人気カラーでナチュラルブラウンのエイジングも楽しい、ボストンの修理を紹介します。
- 履いているボストンの底が相当減っている
- ボストンのエイジング(経年変化)を楽しんでいる
- 擦れ過ぎて革の色が変わってしまった
- そろそろボストンの修理を検討している
このような方に読んでいただきたい内容です。
ビルケンシュトックのボストンは、場所も季節もコーディネートも自由自在に対応可能な、不動の人気を誇る元祖クロッグです。
そのため使用している方の数が多い分、様々な症状の修理が日々行われています。
これから購入しようと思っている方や、愛用のボストンとの比較参考にもして頂けたらと思います。
履き過ぎでアッパーまで削れた【ボストン・ナチュラルブラウン】
つま先の擦れ方が激しいボストンを修理
愛知からいらっしゃいましたボストン、いい感じにダメージを受けています。
個人的にはこのぐらいガンガン履いてもらったほうがボストンも喜んでいるのではと思いますが・・・
でもちょっと履きすぎましたね。
ソールだけでなくアッパーが釣り込んであるところまで削れてしまっています。
このぐらいなら革の補修も可能なので心配いりません。
つま先側もどこかに擦り付けたのでしょうか?
かなり削れて色が抜けてしまっています。
作業工程
このオーナー様のご要望はかかとの修理とクリーニングです。
でも「大事なボストンを元通りにキレイにしてくださいっ!」とのお願いに、
僕も納得の行く仕上がりにしたいので、全部分解からはじめることになりました。
全てを分解するとなると、オールソール交換になってしまうので、最初の要望から少々価格が増しますが、納得の仕上がりを目指します。
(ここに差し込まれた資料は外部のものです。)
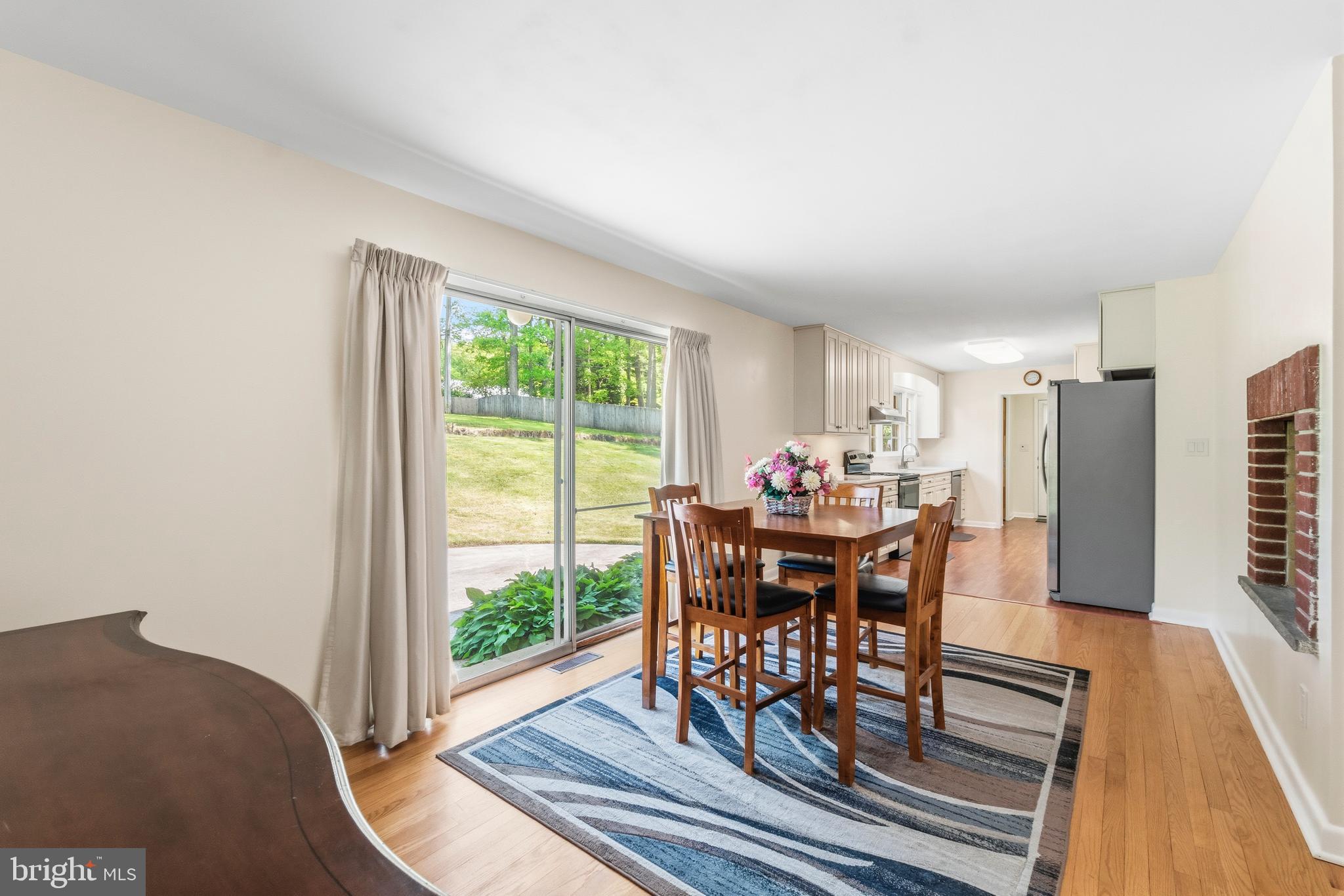 HAMPTON VILLAGE - Residential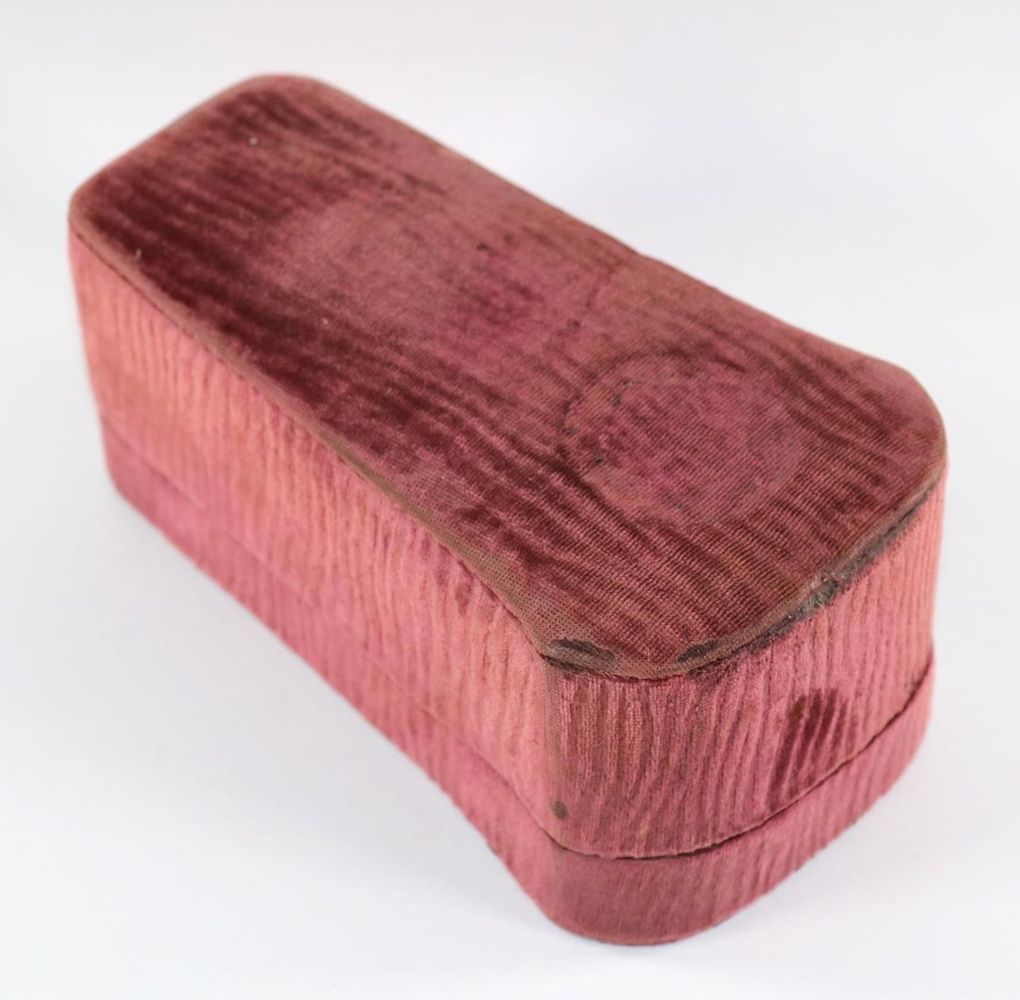 Große Abbildung Nr.5: 129-2095 Gabilla la Violette.: (Glas)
まずはアッパーのクリーニングをしてキッチリ汚れを落として革の表面をさっぱりさせます。
そのアッパーを乾燥養生させている間に、削れてしまったフットベッドのカカト部分をビルケンシュトック純正のビルココルクを使って修理します。
ビルココルクは天然コルクとラテックスをブレンドしたもので、軽量かつ柔軟性があり熱成形可能な優れものです。
適量を熱してやわらかくなったものをしっかり押し付け空気を抜きながら塗り付けます。
固くなったら余分なところを削り取って仕上げます。
ソールの減り過ぎで犠牲になった一部革が引きちぎれている所がありますので補修します。
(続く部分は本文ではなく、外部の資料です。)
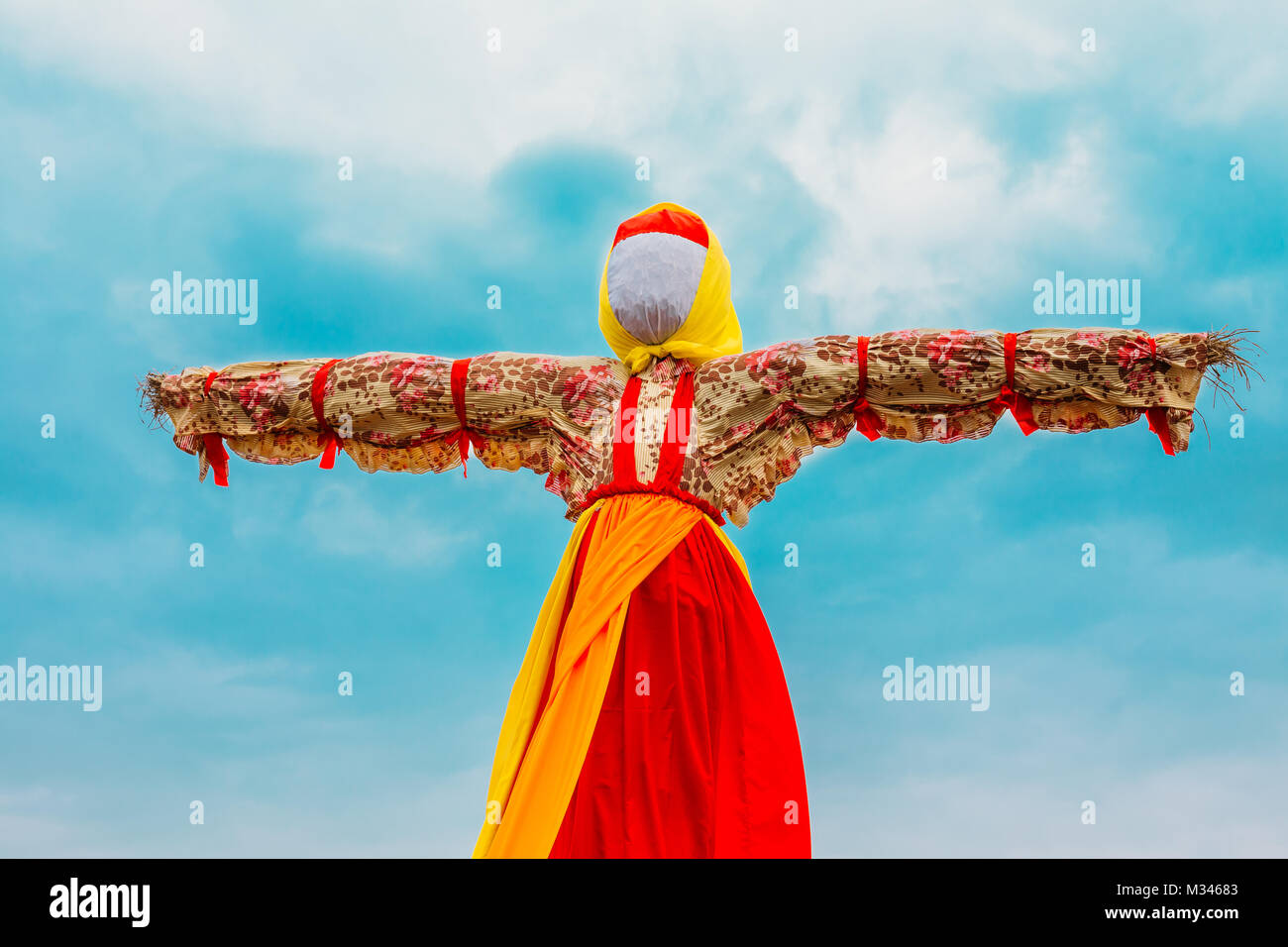 Close-Up Straw Effigy Of Dummy Of Maslenitsa, Symbol Of Winter And Death In Slavic Mythology, Pagan Tradition. The Eastern Slavic Religious, Folk Holi Stock Photo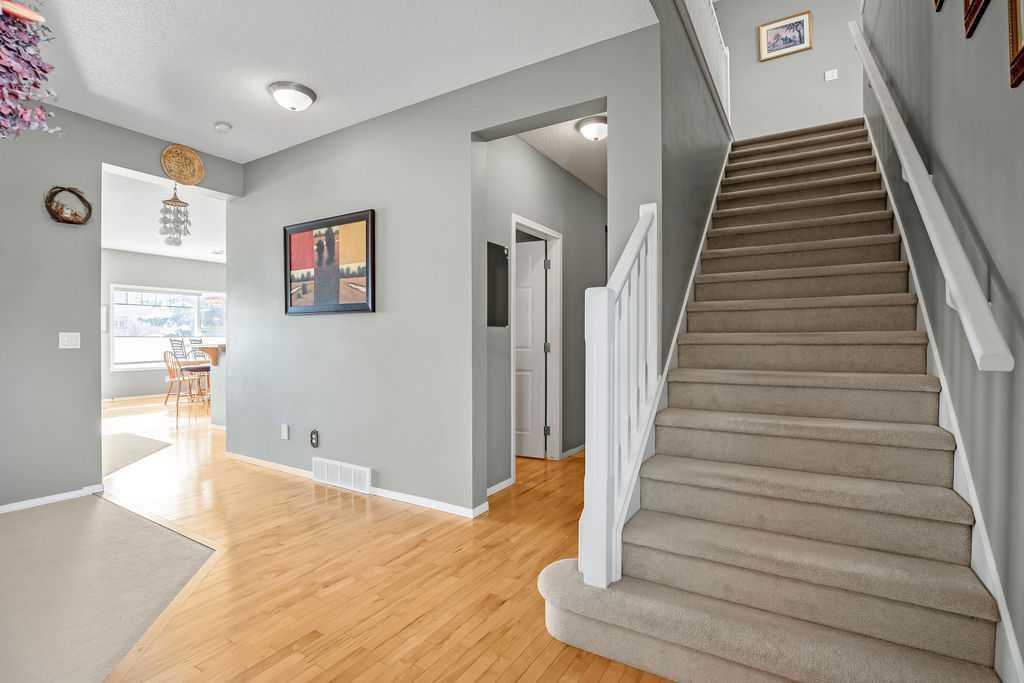 86 Evergreen Common Sw, Calgary, AB - Indoor Photo Showing Other Room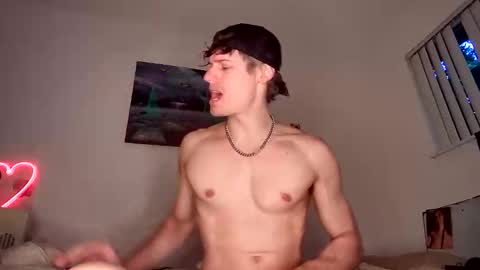 bebe  dust online show from September 20, 11:30 pm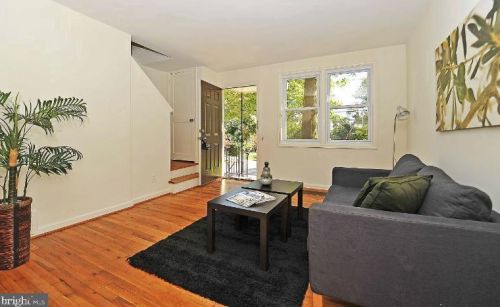 5555 Bass Pl, Washington, DC 20019-6381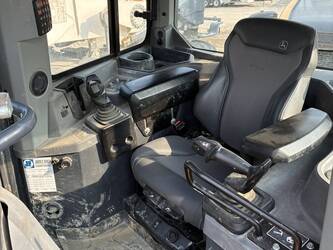 2023-john-deere-850-48831655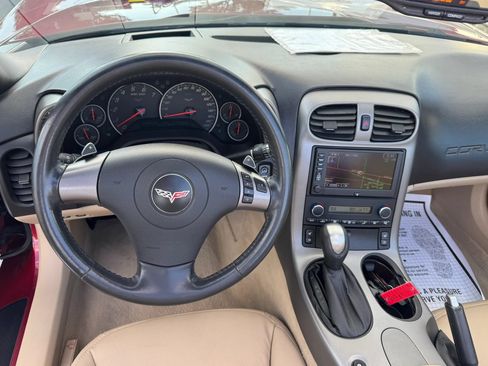 Used 2007 Chevrolet Corvette Convertible w/ Preferred Equipment Group RWD image 12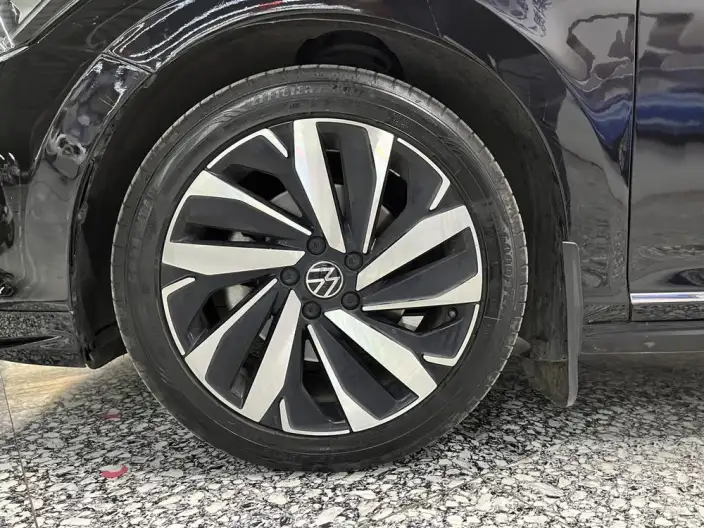 Volkswagen Passat 2023 Model 330TSI Elite Edition – фото 8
フットベッドにアッパーを接着しますが、この時同時にコルクコーティングも済ませておくことで、仕上がりがキレイになります。
ソールを接着してまわりを整えます。
最後に補色して調整します。
普通はアッパーだけの時に色も付けて磨いておけば、ソールに色がつかないようにするためのマスキングテープをしなくて済みます。
しかし今回はオイリーな仕上げにしますので、ソールとの隙間が接着不良になるのを防ぐために、接着後からの作業にしました。
磨きをかけて完成です。
最後に
今回のボストンの修理は沢山のメニューが組み合わさっていましたね。
昔と比べて今では修理を受け付けているところは沢山あります。
でも作業途中の状況を公開するところはそんなにないですよね。(外注だったりすればなおさら)
僕の場合はあえて公開することで、自分に厳しくクオリティーを日々向上させる意味でもあります。
ご依頼された方が「修理してよかった~」と少しでも思っていただけるように。
最後までお読み頂きありがとうございました。